理論的な為替レートを超えて円安になることはない
為替は様々な要因で動いているので、一概に何によって為替が決定されているのかについて示すことは難しい。為替を動かす要因としては、「二国間の金利差」「マネー供給量」「物価」などがあるが、これに加えて経常収支の動向やファンドの買いといった実需要因が影響することもある。しかし長期的に見た場合、為替が何によって動いているのかはほぼ明白である。それは「物価」である。
為替と物価の相関性が高いことは、いわゆる「一物一価」の原理で説明することができる。物価が高い国の為替は安くなり、物価が安い国の為替は高くなるという単純な理屈だ。一物一価に関してよく引き合いに出されるのが、各国のマクドナルドの価格を比較した、いわゆるビッグマック指数である。もし、一物一価の原則が成立するならば、ある国のビッグマックの価格が永遠に上昇することはあり得ない。物価が上昇した国の通貨は下落し、物価が下落した国の通貨は上昇することで、最終的にビッグマックの価格は一定レベルに収束することになる。
これを為替に適用したものが購買力平価の為替レートということになるが、このレートは長期的に見ると現実の為替レートと高い相関性を示している。二国間のマネタリーベースの差(いわゆるソロス・チャート)など、他の要因については、適用できる局面とそうでない局面が混在しているが、物価に関してはほとんど例外がない。少なくとも長期的には為替は物価の差で決定されるとみて差し支えない。金利差についても、物価動向が金利を決める要因のひとつになっていることを考えると、結局のところ為替は物価に収束すると考えてよいだろう。
ドル円相場は、1971年のニクソン・ショックをきっかけに固定相場制が実質的に崩壊。73年に変動相場制に移行してからは、一貫して円高ドル安が続いてきた。それ以降のドル円の動きは、日米間の物価上昇率を元にした購買力平価の為替レートと綺麗に連動している。

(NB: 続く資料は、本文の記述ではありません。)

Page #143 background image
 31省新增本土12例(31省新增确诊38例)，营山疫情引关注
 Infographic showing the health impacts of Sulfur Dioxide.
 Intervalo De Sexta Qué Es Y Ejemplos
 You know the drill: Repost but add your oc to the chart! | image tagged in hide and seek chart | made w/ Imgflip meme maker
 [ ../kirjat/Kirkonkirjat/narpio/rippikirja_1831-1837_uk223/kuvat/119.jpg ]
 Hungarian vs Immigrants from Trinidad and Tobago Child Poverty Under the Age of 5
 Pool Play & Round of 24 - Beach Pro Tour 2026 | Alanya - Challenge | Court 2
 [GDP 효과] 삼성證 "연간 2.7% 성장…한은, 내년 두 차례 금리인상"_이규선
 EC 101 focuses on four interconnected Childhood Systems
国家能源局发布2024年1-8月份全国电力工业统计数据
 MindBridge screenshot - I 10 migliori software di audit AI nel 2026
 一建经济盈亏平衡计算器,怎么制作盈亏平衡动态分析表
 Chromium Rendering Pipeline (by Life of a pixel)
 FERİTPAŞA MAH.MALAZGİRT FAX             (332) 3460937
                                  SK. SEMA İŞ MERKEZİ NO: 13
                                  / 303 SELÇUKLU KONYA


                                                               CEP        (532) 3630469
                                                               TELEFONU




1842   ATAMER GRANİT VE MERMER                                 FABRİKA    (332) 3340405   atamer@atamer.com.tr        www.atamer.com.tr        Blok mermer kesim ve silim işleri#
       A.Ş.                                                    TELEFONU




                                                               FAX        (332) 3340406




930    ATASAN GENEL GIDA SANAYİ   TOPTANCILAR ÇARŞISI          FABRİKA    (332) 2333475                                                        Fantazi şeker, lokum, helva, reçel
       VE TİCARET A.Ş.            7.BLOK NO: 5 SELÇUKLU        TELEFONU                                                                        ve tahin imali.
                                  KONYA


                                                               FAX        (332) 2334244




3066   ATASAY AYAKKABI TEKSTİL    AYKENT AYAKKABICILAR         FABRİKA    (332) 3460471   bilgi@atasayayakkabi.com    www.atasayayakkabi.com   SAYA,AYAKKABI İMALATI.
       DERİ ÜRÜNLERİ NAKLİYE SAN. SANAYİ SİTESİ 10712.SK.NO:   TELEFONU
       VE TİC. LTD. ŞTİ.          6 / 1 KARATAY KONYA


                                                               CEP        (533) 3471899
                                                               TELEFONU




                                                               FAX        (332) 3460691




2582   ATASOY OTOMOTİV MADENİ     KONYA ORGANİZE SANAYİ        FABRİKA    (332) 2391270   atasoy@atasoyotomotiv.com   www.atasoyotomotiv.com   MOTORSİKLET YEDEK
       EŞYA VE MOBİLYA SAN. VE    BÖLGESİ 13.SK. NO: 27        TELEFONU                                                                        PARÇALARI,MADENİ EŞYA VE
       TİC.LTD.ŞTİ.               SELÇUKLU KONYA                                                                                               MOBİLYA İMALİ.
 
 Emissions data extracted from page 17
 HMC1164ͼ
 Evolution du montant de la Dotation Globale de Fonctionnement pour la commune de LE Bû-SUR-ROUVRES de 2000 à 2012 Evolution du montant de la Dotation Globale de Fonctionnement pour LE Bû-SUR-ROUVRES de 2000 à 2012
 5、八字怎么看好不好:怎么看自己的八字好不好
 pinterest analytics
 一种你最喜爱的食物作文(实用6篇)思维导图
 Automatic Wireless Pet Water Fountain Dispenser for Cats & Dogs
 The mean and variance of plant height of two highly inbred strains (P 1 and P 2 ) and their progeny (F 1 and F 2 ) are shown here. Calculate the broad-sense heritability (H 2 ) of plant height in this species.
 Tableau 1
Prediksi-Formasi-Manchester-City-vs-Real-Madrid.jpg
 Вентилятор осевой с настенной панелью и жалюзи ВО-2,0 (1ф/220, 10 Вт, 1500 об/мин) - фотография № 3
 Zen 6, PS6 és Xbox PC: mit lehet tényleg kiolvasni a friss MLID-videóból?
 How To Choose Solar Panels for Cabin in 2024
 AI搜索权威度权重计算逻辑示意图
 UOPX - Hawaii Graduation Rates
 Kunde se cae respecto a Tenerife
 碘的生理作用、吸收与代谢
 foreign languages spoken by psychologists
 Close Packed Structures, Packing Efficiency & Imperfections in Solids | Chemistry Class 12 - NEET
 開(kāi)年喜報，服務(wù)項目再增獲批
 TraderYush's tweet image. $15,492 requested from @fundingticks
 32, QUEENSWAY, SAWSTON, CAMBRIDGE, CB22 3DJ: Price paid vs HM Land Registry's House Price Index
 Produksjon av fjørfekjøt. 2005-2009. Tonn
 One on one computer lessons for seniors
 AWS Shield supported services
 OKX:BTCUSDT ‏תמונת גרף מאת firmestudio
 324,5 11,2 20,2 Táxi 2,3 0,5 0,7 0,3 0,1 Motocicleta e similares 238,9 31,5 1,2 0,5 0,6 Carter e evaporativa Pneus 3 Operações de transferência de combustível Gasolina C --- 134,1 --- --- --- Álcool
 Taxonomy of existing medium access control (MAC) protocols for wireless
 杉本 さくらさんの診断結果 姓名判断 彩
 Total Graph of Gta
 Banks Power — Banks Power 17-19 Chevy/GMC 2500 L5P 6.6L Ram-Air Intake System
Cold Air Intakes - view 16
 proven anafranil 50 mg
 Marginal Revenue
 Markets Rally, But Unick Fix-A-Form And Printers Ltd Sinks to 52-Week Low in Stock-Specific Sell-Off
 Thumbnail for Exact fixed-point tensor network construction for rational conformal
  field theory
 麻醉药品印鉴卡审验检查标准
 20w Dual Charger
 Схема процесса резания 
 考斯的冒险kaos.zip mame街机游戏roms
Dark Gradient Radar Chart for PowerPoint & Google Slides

1985年のプラザ合意以降、為替介入などで一時的に円安になることはあっても、購買力平価による理論的な為替レートを超えて円安になることはなく、基本的に円高トレンドが継続してきた。
90年代初頭の日本のバブル崩壊以後、米国は順調に経済成長を続け、穏やかなインフレが長期にわたって続いている(リーマンショックという一時的例外はあるが)。一方、日本は長期のデフレに悩まされており、経済水準も物価もずっと横ばいであった。米国の物価と日本の物価に乖離が生じていることから、為替レートがこれを調整してきたのである。